Don’t be afraid & stay outside, cold with loneliness…Come home by wearing the garment of love
God is pretty smart. As I read the readings, I remembered the old saying: the way to a man’s heart is through his stomach… or, an army marches on its stomach. The image of food and fine wines is powerful, because when we have a full stomach we feel content, safe from starvation, and able to laugh with our brothers and sisters.
One of the struggles in all our lives is finding places where we belong. As little children, hopefully, we feel welcome and safe in our home – a place to belong physically – but more importantly, a place where we experience love: feeling at home emotionally.
The thrust of our readings today is the invitation to “come home.” Not so much physically, but emotionally, psychologically and spiritually. But, we can never “come home” unless we leave home. Perhaps that’s why God designed the process of puberty in each of us: it drives us to the point of needing to escape from our parents and create a new life: connected, but independent from the parents.
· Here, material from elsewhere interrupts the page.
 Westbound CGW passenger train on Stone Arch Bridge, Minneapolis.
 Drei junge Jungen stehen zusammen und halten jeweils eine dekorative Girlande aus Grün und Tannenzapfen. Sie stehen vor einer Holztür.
I recall a humorous moment at our Oblate College, for boys, when a distraught mother comes to see the Rector: almost in tears about how her 14 year old son had suddenly started acting strangely and disturbing the whole house; Fr Peter smiled at her and said: “I’m sorry for your distress, but your son has left the planet. We just pray he returns to earth in two years time.”
It’s strange that God designed us – especially boys – to want to run away from “home.” But, until we face the world outside our first home, we will never know who we are,
and never really discover who God is, and never know how valuable each one of us is.
The emotional need for belonging is one of the five key emotional needs for every person. Without a sense of belonging, we are like a physically crippled person; we struggle to move freely and often need assistance: we struggle with our relationships because we live in fear of rejection, and we don’t have anywhere to go where we feel unconditionally loved.
The workplace loves us because we perform – but when we stop performing, we are no longer “wanted”. Most of our friends are friends until we disagree with them, then we’re not welcome
Then, we finally form a new house, where we struggle to create a home: learning to trust; to expose ourselves intimately; to give up control. We struggle, perhaps, because we fear the loss of our freedom; or we fear being “hurt” again.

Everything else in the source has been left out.